Tag Archives: Duke Digital Repository

Preservation Architecture: Phase 2 – Moving Forward with Duke Digital Repository

 

DukeSpace circa 2013
DukeSpace circa 2013

 

In 2013, the average price for a gallon of gas was $3.80, President Obama was inaugurated for a second term, and Duke University Libraries offered DukeSpace as an institutional repository.  Some things haven’t changed much, but the preservation architecture protecting the digital materials curated by the Libraries has changed a lot!

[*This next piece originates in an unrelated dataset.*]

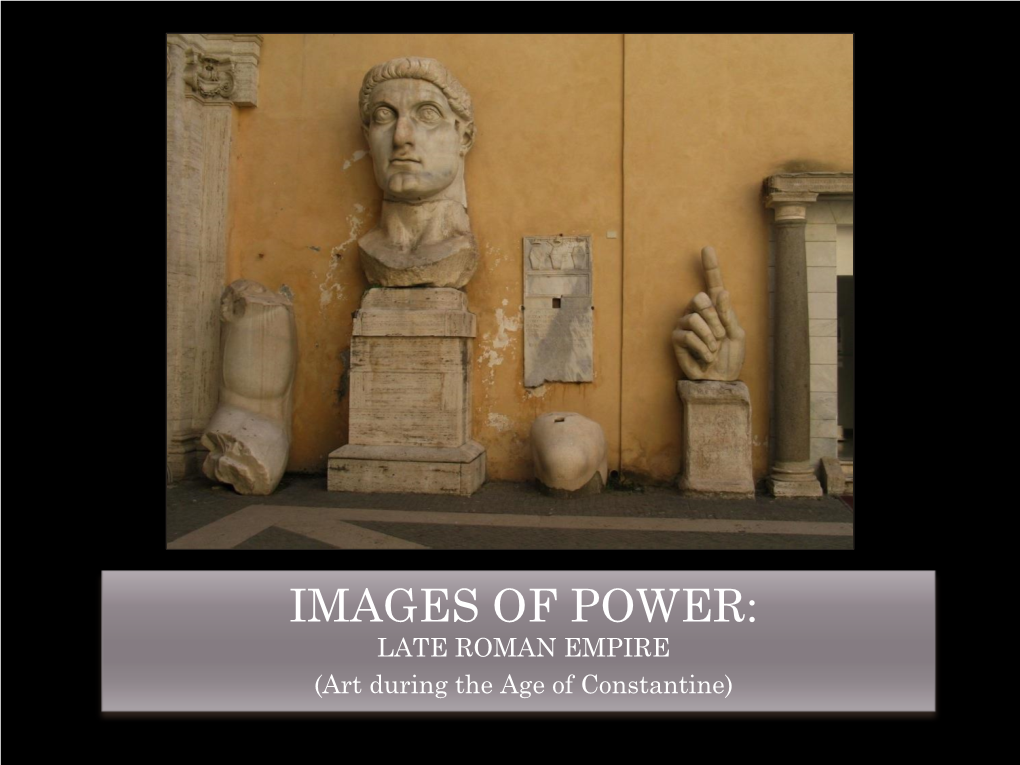 IMAGES of POWER: LATE ROMAN EMPIRE (Art During the Age of Constantine) LATE ROMAN AGE of CONSTANTINE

We still provide DukeSpace, but are laying the foundation to migrate collections and processes to the Duke Digital Repository (DDR).  The DDR was conceived of and developed as a digital preservation repository, an environment intended to preserve and sustain the rich digital collections; university scholarship and research data; purchased collections, and history of Duke far into the future.  Only through the grace of our partnership with Digital Projects and Production Services has the DDR recently also become a site that no longer hurts the eyes of our visitors.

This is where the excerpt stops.